**Exercise details**
Start at the line below containing "Immagine composita della" and stop at the line containing "Khaki colored drawstring". Repeat every line of that stretch exactly, and nothing outside it.

**Input data**
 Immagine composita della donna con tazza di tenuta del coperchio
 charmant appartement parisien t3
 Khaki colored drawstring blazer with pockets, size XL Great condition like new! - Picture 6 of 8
* * *
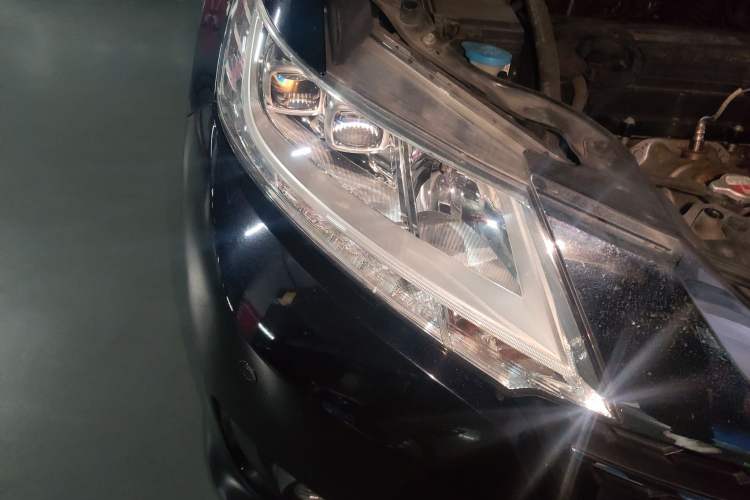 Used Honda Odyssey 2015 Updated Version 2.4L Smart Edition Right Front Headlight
* * *
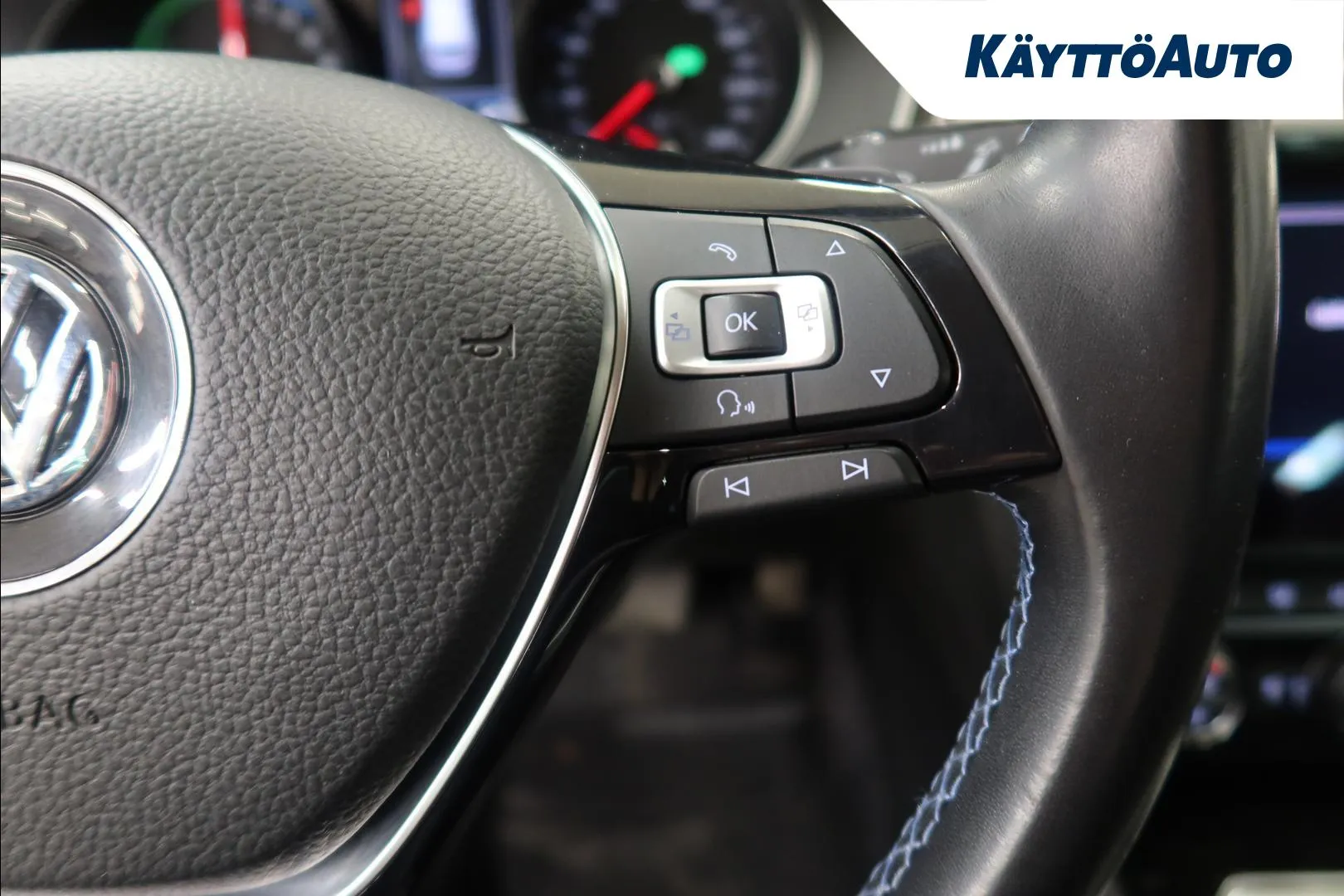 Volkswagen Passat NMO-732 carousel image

**Solution to this task**
 Immagine composita della donna con tazza di tenuta del coperchio
 charmant appartement parisien t3
 Khaki colored drawstring blazer with pockets, size XL Great condition like new! - Picture 6 of 8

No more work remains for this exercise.